The emphasis on expediting project approval in the Abbott districts has focused on addressing the most pressing health and safety issues. The facilities staff of the Department of Education has personally inspected over 400 projects, with 100 percent of approved costs covered by the state. All of the approved projects have been forwarded to the NJ Economic Development Authority (EDA), which is responsible for issuing the construction bonds and overseeing project management. The EDA has retained a management consulting firm to assist with this unprecedented undertaking.
"The rapid turnaround of these facilities projects in the Abbott school systems demonstrates that the needs of the children in these districts are our top priority," said Gov. Whitman. "I am particularly pleased by the unprecedented spirit of cooperation between the administrators of the Abbott districts and the Department of Education which is spurring such tremendous progress."
NJ Department of Education Commissioner David C. Hespe noted that the $800 million in facilities funding for the Abbott districts is an "important achievement at the 90 day mark, but it only begins to tell the story of all that has been achieved since the bill was signed into law back in July."
"There have been hundreds of hours devoted by the DOE facilities staff to assisting the Abbott districts in developing and refining the analysis of their facilities needs over the next five years," said Hespe. "All of this work was done while staff was also reviewing 699 applications for retroactive funding of facilities projects from 220 school districts, processing 78 requests for waivers to allow school bond referenda this fall, and providing Long Range Facility Plan training to over 570 non-Abbott school districts."
The school facilities law authorized funding for projects that commenced after September 1, 1998, and the DOE plans to announce the list of projects eligible for retroactive funding in November.
Hespe said that 23 of the non-Abbott school districts had received department approval to hold school facilities bond referenda this fall. The total cost of these referenda, if approved by the voters, would be $434,345,641, with some $133.2 million of that amount being committed as the states contribution toward local property tax relief.
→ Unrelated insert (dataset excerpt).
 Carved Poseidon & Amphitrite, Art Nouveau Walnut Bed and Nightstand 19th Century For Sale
"We are encouraged that 17 of the 19 school referenda authorized through the waiver process have received voter approval over the past two months," said Hespe. "Those construction bond approvals will soon be following the Abbott projects and be sent to the EDA for contract review and funding."
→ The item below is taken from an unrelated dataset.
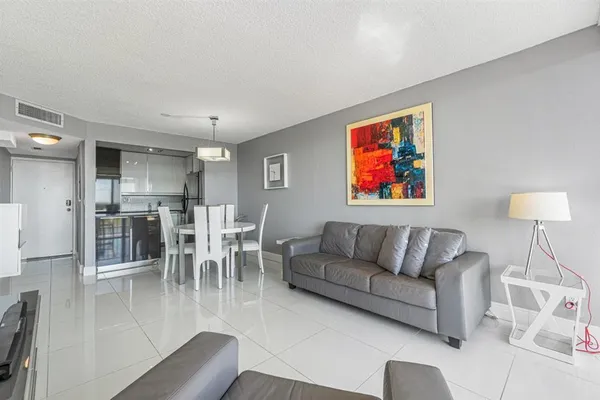 $2,100 | 1830 Embassy Drive, Unit 613, West Palm Beach, FL 33401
The Legislature directed the 570 non-Abbott districts to submit their proposed Long Term Facilities plans by December 15, 2000, and the Commissioner commended the school districts for working so collaboratively with his facilities staff.
"The training sessions for the hundreds of non-Abbott school districts have been very well received all across the state, and the software that guides districts through the process of filing the report is making the process as thorough, but painless, as possible," said Hespe.
"There was also considerable effort devoted to developing the Long Range Facility Plan regulations, which have now been issued and are available on the departments website," he added.